In 2008, the film was included on the Italian Ministry of Cultural Heritage’s 100 Italian films to be saved, a list of 100 films that "have changed the collective memory of the country between 1942 and 1978."

==Plot==
Sasà Scimoni, nephew and unpaid assistant of the mayor of Catania, adapts himself to any man who may be able to help him advance and to any woman he may be able to take advantage of. After falling for the wife of an honest socialist politician, he becomes politically active and orchestrates events that lead to the husband's imprisonment for five years. By that time, the First World War which Sasà avoids by feigning madness has come and gone. Marrying a dim but rich heiress, he becomes her brother's right-hand man in a flour milling business. When the Fascists seizes power he becomes an activist, but hastily burns his insignia after the Allies land in Sicily (one of their bombs carrying off his wife) and then profits from the black market. At a beauty parade he falls for Lilli, the winner who says she wants to get into films.
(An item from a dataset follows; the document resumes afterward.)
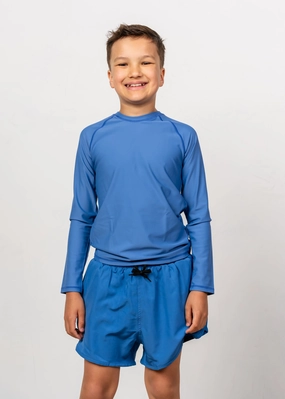 Blue Denim | Youth Rashguard Top (Unisex) boys summer swimwear, boys rash guard swim sets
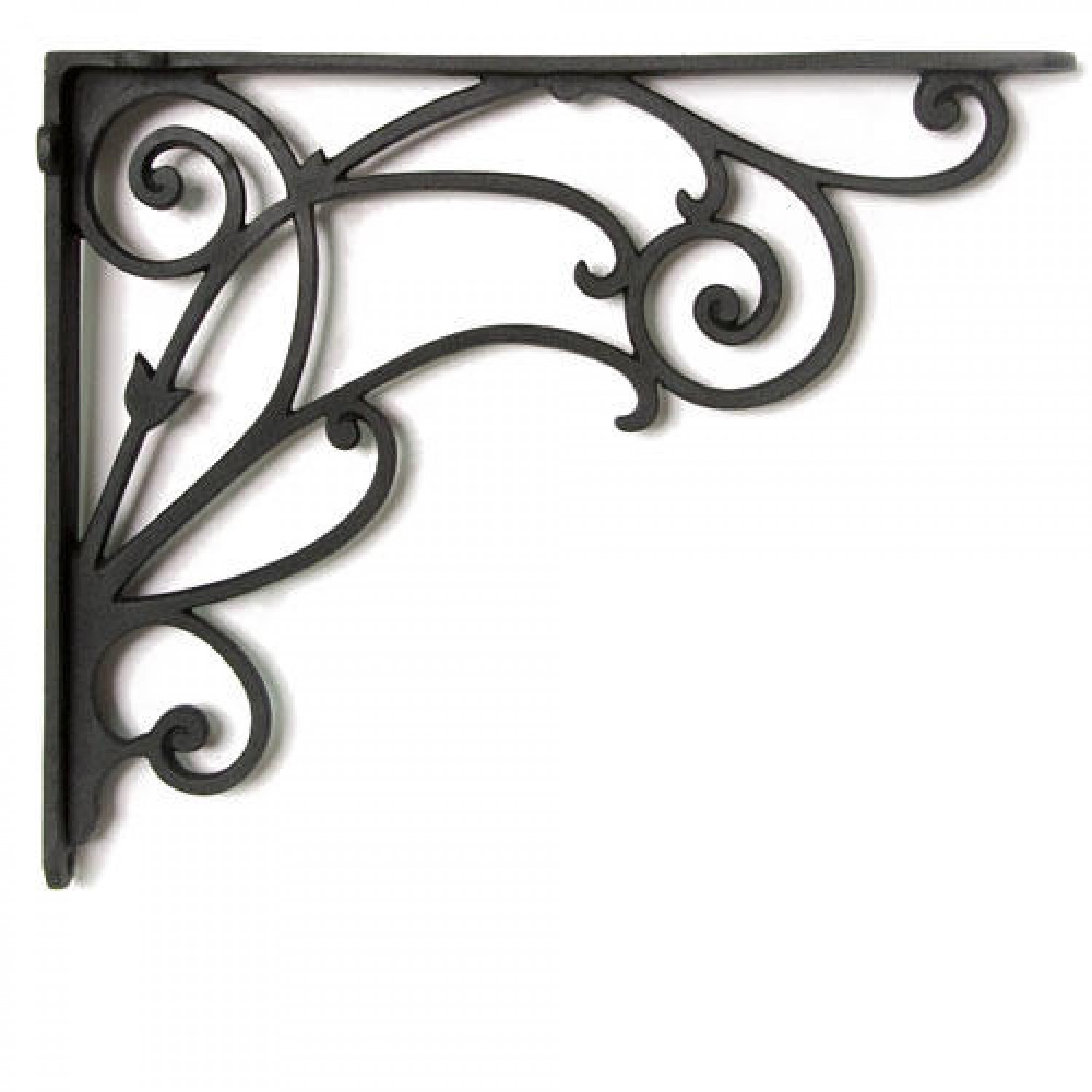 Winding Scrollwork Aluminum Shelf Bracket - - Black Powder Coat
Hearing that backers of a film can make a fortune if it is a success, he persuades a dim but rich duke to promise initial finance and with Lilli as his "fiancée" heads for Rome. The public mood being strongly in favour of the Communist party, he becomes a supporter and plans a film about the workers. When the elections are however won by the Christian Democrats, the Catholic party, he promptly supports them and plans a film about a saint. The duke then declines further finance unless he can first get his capital out of the country, so Sasà finds him a church dignitary who can send money legally to foreign missions. The money ends up with Sasà, who buys farmland outside Rome, evicts squatters, and bribes an official to obtain permission for development. His machinations exposed, he gets five years in jail. On release he founds his own political party for victims of capitalism, but it wins few votes. The final shot shows him with his latest girl, in Bavarian dress, selling German razor blades off the back of a lorry.

==Cast==
- Alberto Sordi – Rosario Scimoni
- Marco Guglielmi – Avv. Giardini
- Franco Coop – Il sindaco
- Luisa Della Noce – Paola
- Franco Jamonte – Pizzarro
- Elena Gini – Mariuccia Guardini
- Elli Parvo – Emma Scimoni
- Armenia Balducci – Lilli De Angelis
- Carlo Sposito – Duca di Lanocita (as Carletto Sposito)
- Giovanni Di Benedetto – Onorevole Toscano (as Gianni De Benedetto)
- Antonio Acqua – Ing. Casamottola
- Gino Buzzanca – Barone Mazzei

== Reception ==
Stampa Sera gave the film a positive review upon its release, describing it as "a portrait and story, with a distinctly Brancati—that is, satirical—character, of one of the many turncoats, philanderers, opportunists, or whatever you want to call them, who played their part in this final, stormy period of national history. Luigi Zampa directed with determination, and the film is both festive and biting."